Strauss-Kahn's mind was racing. Could his lover from the night before turned on him? Or maybe those rumors that he had been hearing in France had manifested themselves in some sort of Sarkozy-led conspiracy? Could something embarrassing have been found on his BlackBerry or had it been used in a crime since he lost it.
He devotes some 40 pages (chapters five and six) to channel himself into the minds of the prosecutors and describe their inner "angst" that he claims led them to dismiss all the charges against DSK. In doing so, he omits the central reason for their motion for dismissal: the grand jury had indicted DSK based on false testimony given under oath by the single witness who claimed to have witnessed what had happened in room 2806. That witness was the complainant Nafissatou Diallo.
On page 15 of the Recommendation for Dismissal, the prosecutors state, "The complainant had admitted to making false statements under oath in testimony before the grand jury that voted the present indictment." No one except the prosecutors know what falsehoods she told the grand jury since, by law, grand jury testimony is sealed. All we know is that the prosecutors concluded that "the complainant's credibility cannot withstand the most basic evaluation." If a grand jury renders an indictment bases on false or perjured testimony, it is per se a miscarriage of justice. So Solomon's psycho-babble about the prosecutors' mental processes in seeking a dismissal is besides the point.
Solomon also invents a conspiracy theory for me concerning DSK's missing BlackBerry, even though he acknowledges, "Epstein doesn't quite fully articulate the full-blown theory, instead leading the reader to the inevitable conclusion, through a series of facts and half-facts." He then goes on to conflate for me a straw man in which he states falsely that I say that Diallo stole the phone after Sarkozy's forces authorized the theft in Paris. In this case, his mind-reading is faulty.What I actually said in the New York Review of Books article he refers to was far more modest:
The conclusion I reached is that, "All we know for sure is that someone, or possibly an accident, abruptly disabled it from signaling its location at 12:51 PM."
The records obtained from BlackBerry show that the missing phone's GPS circuitry was disabled at 12:51. This stopped the phone from sending out signals identifying its location.
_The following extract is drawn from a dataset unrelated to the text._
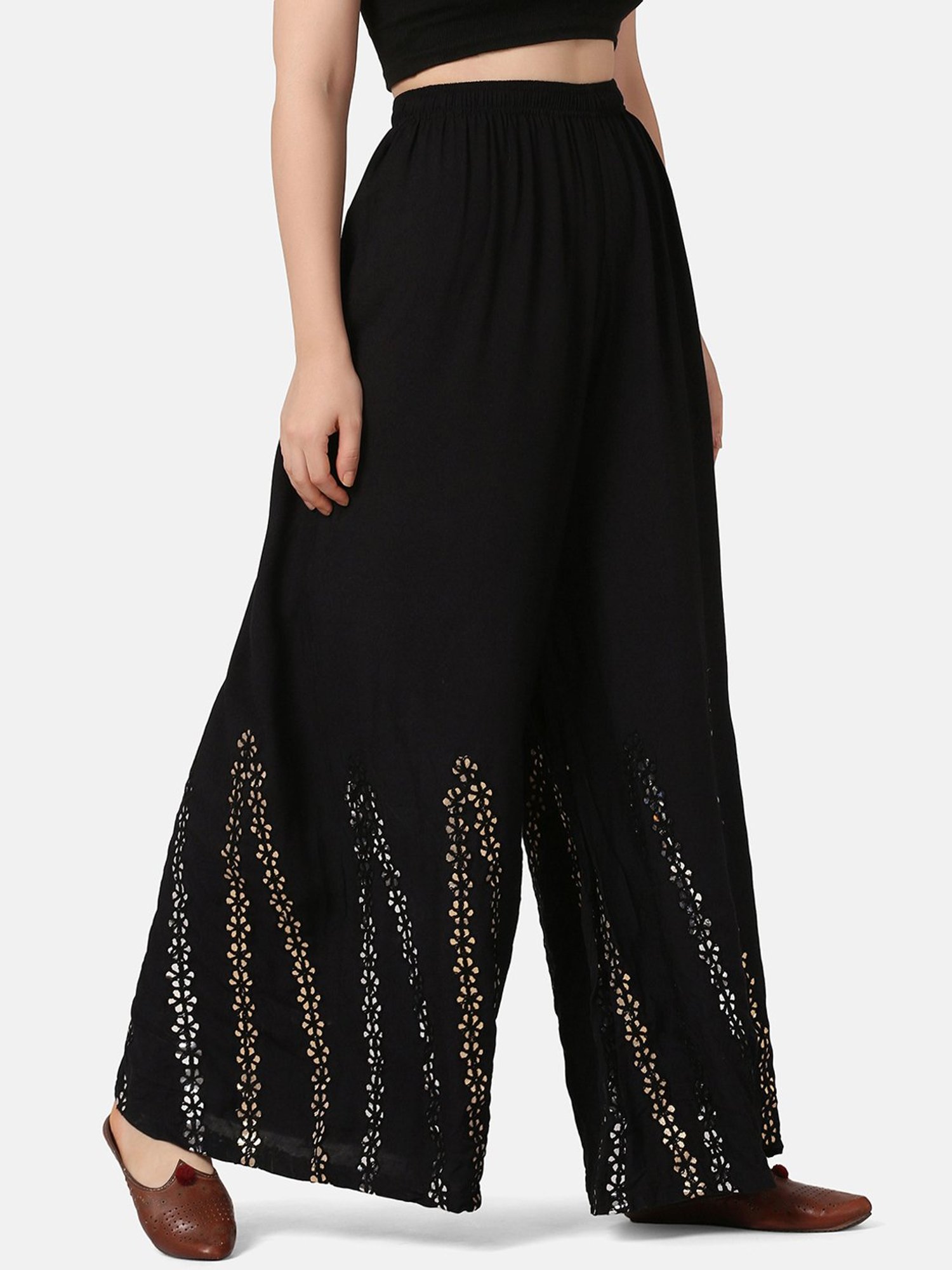 BUYNEWTREND Black Embroidered Palazzos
Apart from the possibility of an accident, for a phone to be disabled in this way, according to a forensic expert, required technical knowledge about how the Blackberry worked. From electronic information that became available to investigators in November 2011, it appears the phone never left the Sofitel. If it was innocently lost, whoever found it never used it, raising the question of by whom and why it was disabled at 12:51.
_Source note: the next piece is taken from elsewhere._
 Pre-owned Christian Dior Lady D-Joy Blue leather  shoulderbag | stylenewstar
Here is why I stand by that conclusion. The phone records show that the last call made or received on that phone was at 12:13 PM. DSK used another phone for all the calls he made after that as well as a text message he got from his daughter at 12:31 PM, less than three minutes after checking out. Meanwhile, while he was in the taxi, according to the records of BlackBerry, the missing IMF BlackBerry kept sending GPS signals from the Sofitel hotel for 13 minutes. It could have left his room but it was still in the hotel. Then, according to BlackBerry's records, it stopped sending signals at 12:51 PM, twenty-three minutes after DSK had left the hotel, and after at least four hotel staff members had met in the room between 12:45 and 12:51 PM. Since the phone was not found in the police search, I believe it likely that the phone was taken but I have never claimed to know who took it. The straw man Solomon attributes to me is just another figment of his mind-reading.